Retirement benefits may be tied to factors such as compensation levels and employee classifications. The plan's definition of compensation, classifications of employees, and hour-based eligibility requirements may be impacted by these new rules, which are expected to impact over 4 million workers nationwide. Once the Final Rule becomes effective, employees may find the availability and expected level of retirement benefits to be less favorable than before.
In order to defer potential increases to matching contributions, employers may restrict plan eligibility, exclude overtime compensation from 401(k) definitions, re-classify highly compensated employees using non-discriminating profit-sharing options, or reduce the matching contribution formula across the plan. Here is a closer look at what business leaders need to know:
The final rule will go into effect December 1, 2016. Employers should start to prepare now. Human resources and retirement plan administrators should already be reassessing their benefits plan design, definitions, and employee classifications.
Restrict Plan Eligibility
Organizations may have several types of employee classifications among the workforce for determining benefit level and eligibility, so it is important all individuals within a class are treated equally.

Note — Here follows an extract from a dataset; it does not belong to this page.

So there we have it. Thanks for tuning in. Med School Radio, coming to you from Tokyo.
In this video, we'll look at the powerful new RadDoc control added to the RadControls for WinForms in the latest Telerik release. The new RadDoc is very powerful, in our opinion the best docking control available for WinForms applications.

While some companies may offer certain benefits depending on the group of employees, others are a multiple of salary, and thus employers may get stuck paying for an increase in premiums on these plans. In order to offset these additional costs, some companies may consider shifting employees around, as well as restricting plan benefits.

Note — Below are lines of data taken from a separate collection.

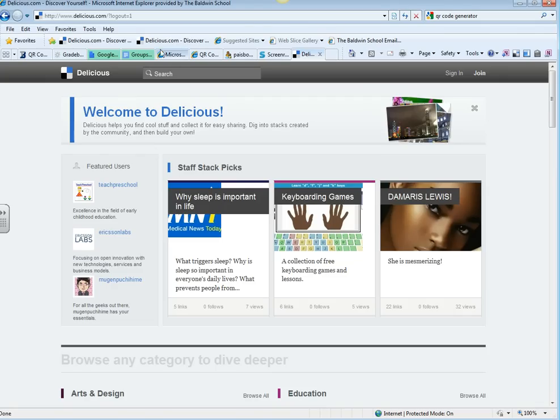So to create an account, you first need to go to delicious.com, which is spelled just like it sounds, just like Delicious Food.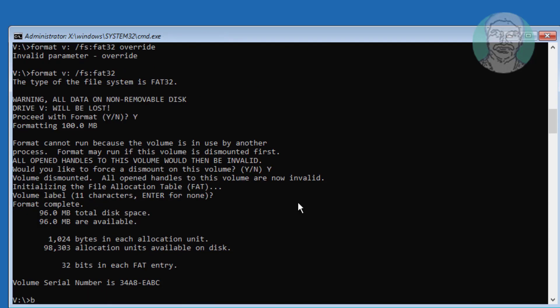Type bcdboot space C colon backslash windows space slash s space V colon space slash f space uefi.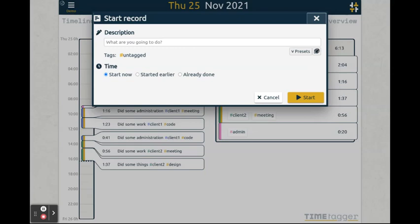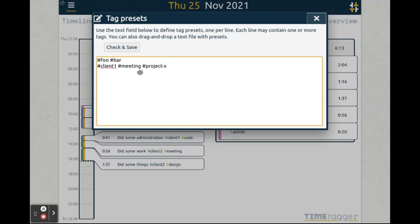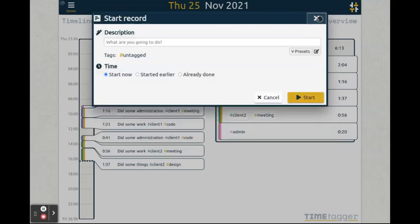To edit your presets, click this button over here. Here you can add tag combinations, one per line — for example, 'foobar', or that project meeting for client 1 that you have all the time.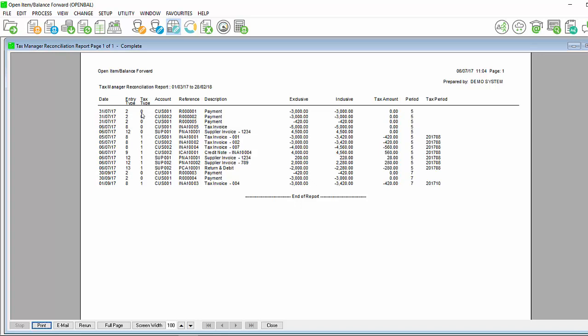If it is showing tax type 0, this would be one of the reasons why the transaction is not showing accordingly and you would need to decide how to handle this. Whether you are going to process reversals and redo the transaction.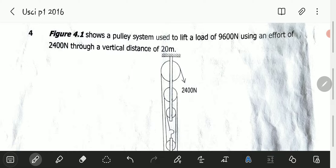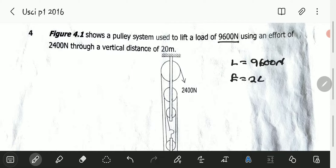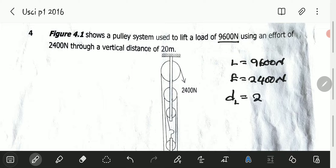Things to take note from the description: the load is 9,600 newtons. The force which is actually raising that load, which is the effort, is equal to 2,400 newtons. The load is raised through a distance of 20 meters, so the distance moved by the load is equal to 20 meters. That is the information we've been given in the question.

Excluding Overtime Compensation
As a result of the final rule, many employers will begin paying overtime for hours worked over 40 in a workweek to newly non-exempt employees. . Because the additional compensation will likely increase 401(k) contributions, employers may want to consider a cost control measure to exclude overtime pay as a basis for retirement plan matching contributions. Employers can potentially amend their plan to an exclusion of overtime pay, by changing the 401(k) definition. Excluding overtime can be a risky move; however, as the compensation taken into account under the plan must satisfy nondiscrimination testing requirements. Companies considering different scenarios under the new regulations should consult with an expert HR advisor or attorney before proceeding.

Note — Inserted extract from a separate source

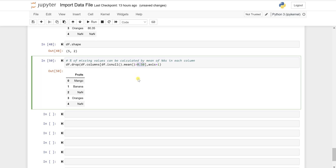Whatever condition you set is flexible. If you set the threshold at 40%, the result will differ. You can also increase it — for example, if 80% of records are missing, replace 0.50 with 0.80. It's up to you based on your analysis and how deeply you want to proceed. This is one way of data manipulation and data cleansing in Python. Hope you liked this video — please like, share, and subscribe to my channel. Thank you so much for watching, see you in the next video.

Employers may also be reviewing their benefits plan to assess whether they condition eligibility based on employee classification (such as exempt vs. nonexempt). Modification of these terms may need to be considered before continuing to provide the existing benefit levels to employees. Reclassification of employees in response to the overtime rules may have serious implications on a benefits plan, especially for highly compensated employees using non-discriminating profit sharing.
Matching contributions can vary widely from plan to plan, so employers may need to evaluate individual classifications to determine which contribution formulas should be changed. A common method is to match 50% of employee contributions, and up to 6% of salary. Now may be the time for HR to consider adjusting the matching percentage across the plan.
Scenario Planning and Employee Communications
Perhaps the most important takeaway for employers is that the new overtime regulations may impact the company's benefit plans in multiple ways. Conducting analysis and scenario planning in advance (before the rule goes into effect on December 1, 2016) may allow companies the necessary time to plan, adjust benefits programs, and seek expert counsel. Once decisions have been made, it's important that employee communications are carefully managed – including explaining the legal changes, what steps the company has had to take in response with benefits packages, and what employees can expect to see as a result.
An organization can face legal and financial consequences for non-compliance with the new overtime regulations. With a proactive approach, a company can develop standards today that can make the regulations easier to accommodate when they become effective.